An example diagram of the fine-tuning procedure is shown here, which retrains a 10-dimensional final layer:

Image obtained from here

Cyclical Learning Rates (generally applicable)

The learning rate is probably the most important hyper-parameter to tune for training deep neural networks. The way it is typically done, in a non-adaptive setting (i.e. not using Adam, AdaDelta or their variants), is by a DL practitioner/researcher running, in parallel, multiple experiments, each with a small delta difference between learning rates. This takes a terribly long time if you have a large dataset and is quite error prone, if you are inexperienced in the ways of building intuition with stochastic matrices. However, in 2015, Leslie N. Smith, of the US Naval Research Laboratory, found a way to automatically search for the optimal learning rate by starting from a very small value, running a few mini-batches through the network, and tweaking the learning rate while tracking the change to the loss, until the loss starts decreasing. Two blog posts by fellow fast.ai students explaining the cyclical learning rates method are here and here.

In fastai, you take advantage of learning rate annealing by running lr_find() on your learner object, and sched.plot() to identify the point which coincides with the optimal learning rate. A screenshot:

0.1 seems like a good learning rate

An excerpt from the cyclical learning rate paper shows that it performs better, reaching the the highest accuracy, and more than twice as fast as letting the learning rate decay exponentially.

Fig. 1: Smith (2017) “Cyclical learning rates for training neural networks.”

Stochastic Gradient Descent with Restarts (generally applicable)

Fig. 2: SGD vs. snapshot ensembles (Huang et al., 2017)

Another method for speeding up stochastic gradient descent involves gradually decreasing the learning rate as training progresses. What this helps with is noticing when changes to the learning rate coincide with improvements in the loss.

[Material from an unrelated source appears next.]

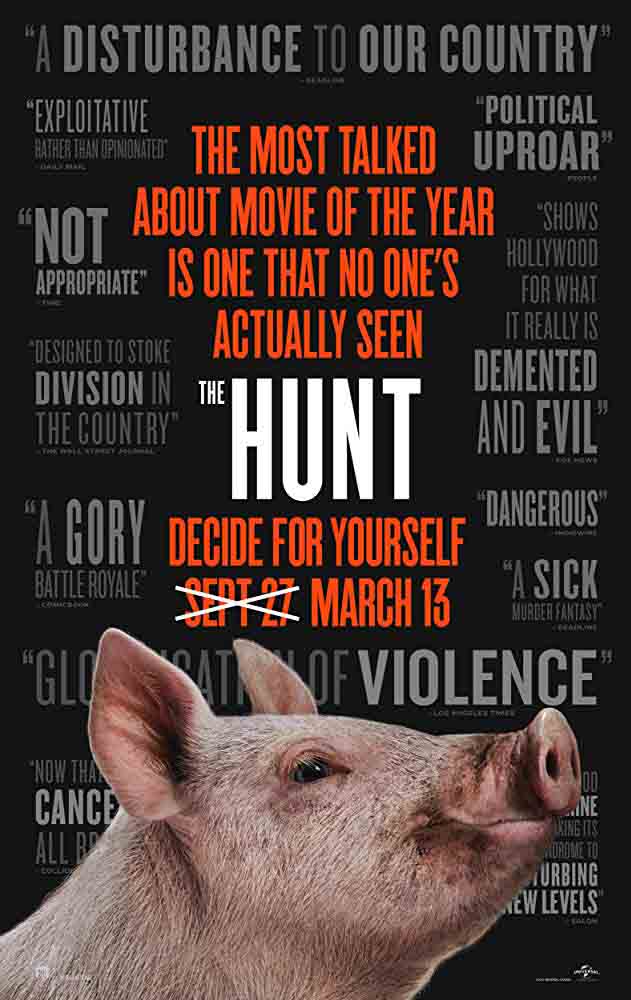 The Hunt The Hunt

As you get closer to the optimal weights, you want to take smaller steps, because if you take large steps you might skip the optimal region of the error surface. If the relationship between the learning rate and loss is unstable, i.e. if a small change to the learning rate results in a large change in the loss, then we’re not in a stable region (image 2 above). Then the strategy becomes to periodically increase the learning rate. The ‘period’ here is a number which determines how many times to increase the learning rate. This is the cyclical learning rate schedule. In fastai, this is set using cycle_len and cycle_mult params to learner.fit. In image 2 above, the learning rate is reset 3 times. It usually takes a much longer time to find the optimal loss when using the normal learning rate schedule, where a developer waits until all the epochs are complete before manually trying again with a different learning rate.

Data augmentation (computer vision and image classification — for now)

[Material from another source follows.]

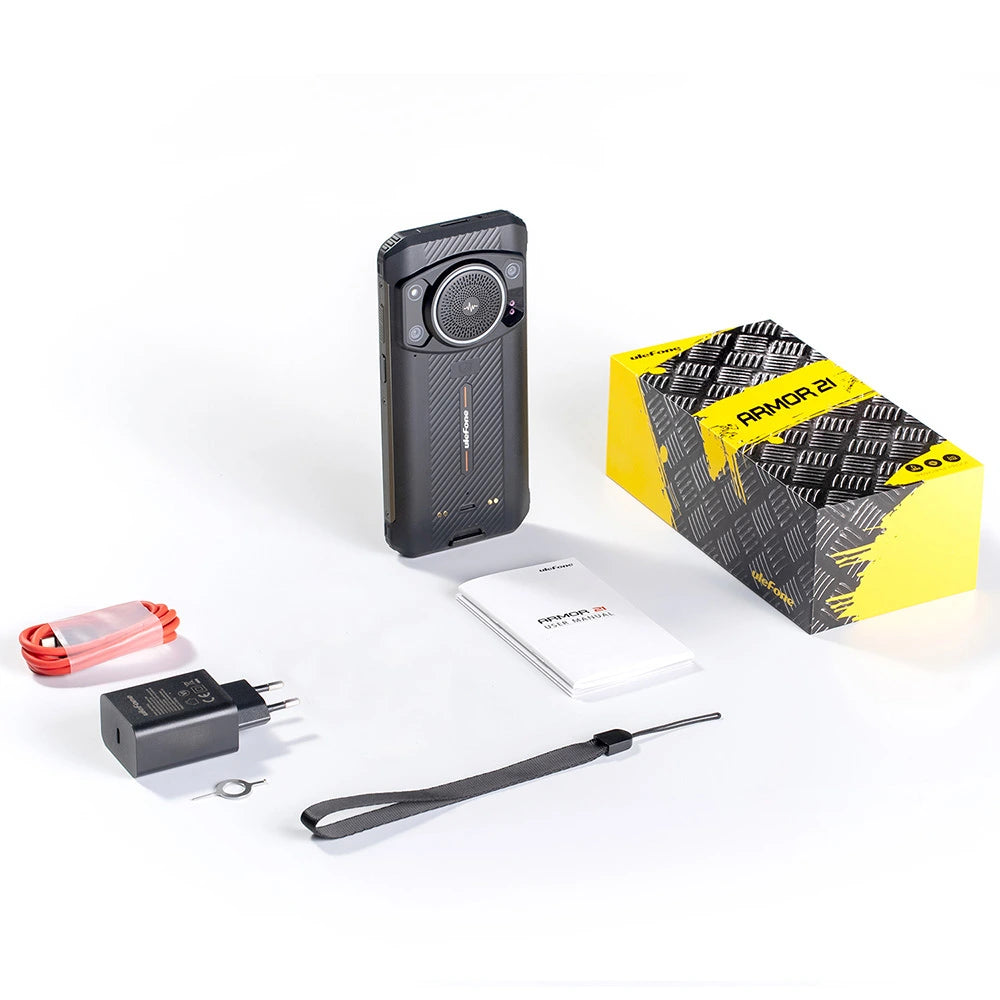 Smartphone Armor 21 (16GB RAM)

Data augmentation is a simple method for increasing the amount of training and test data you have. For images, this depends on the learning problem at hand, and therefore on the number of symmetries in the images in the dataset. An example is the Spiders vs. Scorpions toy challenge. Many pictures in this dataset could be reflected vertically and still show the animal without weird distortions. This is called transforms_side_on. Example:

From top to bottom, notice the different angles, zoom and reflections.

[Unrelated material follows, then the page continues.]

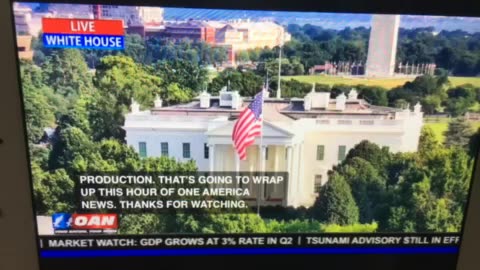 Derek Hunter 07/30/25 WMAL AppStore democrats search 🔍 for path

Test-time augmentation (computer vision and image classification — for now)

We can also use data augmentation at inference time (or test time, hence the name). At inference time, all you’re doing is making predictions. You could do it with the individual images in the test set, but the process becomes more robust if randomly generate a few augmentations of each image in the test set that is accessed. In fastai, 4 random augmentations per test image are used in the predictions, and the average of those predictions is used as the prediction for that image.

Replace word vectors with a pretrained recurrent neural network

A way to get a world-class sentiment analysis framework, without using word vectors, is to take the entire training data set that you intend to analyze and build a deep recurrent neural network language model from it. Save the model’s encoder when the model has high accuracy and use the embeddings you get from the encoder to build a sentiment analysis model. This works better than the embedding matrices one gets from word vectors because RNNs can keep track of long range dependencies better than word vectors.

Back-propagation through time (BPTT) (NLP)

The hidden state in a deep recurrent neural network can grow to an unwieldy size if it isn’t reset after back-propagating some time-steps. For example, in a character-level RNN, if you have a million characters, then you also have a million hidden state vectors, each with their history. To adjust the gradients of the neural network, we then need to perform 1 million computations of the chain rule per character, per batch. This will consume too much memory. So, to lower the memory requirements, we set a maximum number of characters to back-propagate to. Since each loop in a recurrent neural network is known as a time-step, the task of limiting the number of layers through which back-propagation retains the history of the hidden state is called back-propagation through time. The value of this number determines the time and memory requirements of the model’s computation, but it improves the model’s ability to handle long sentences or sequences of actions.

Entity embedding of categorical variables. (Structured Data and NLP)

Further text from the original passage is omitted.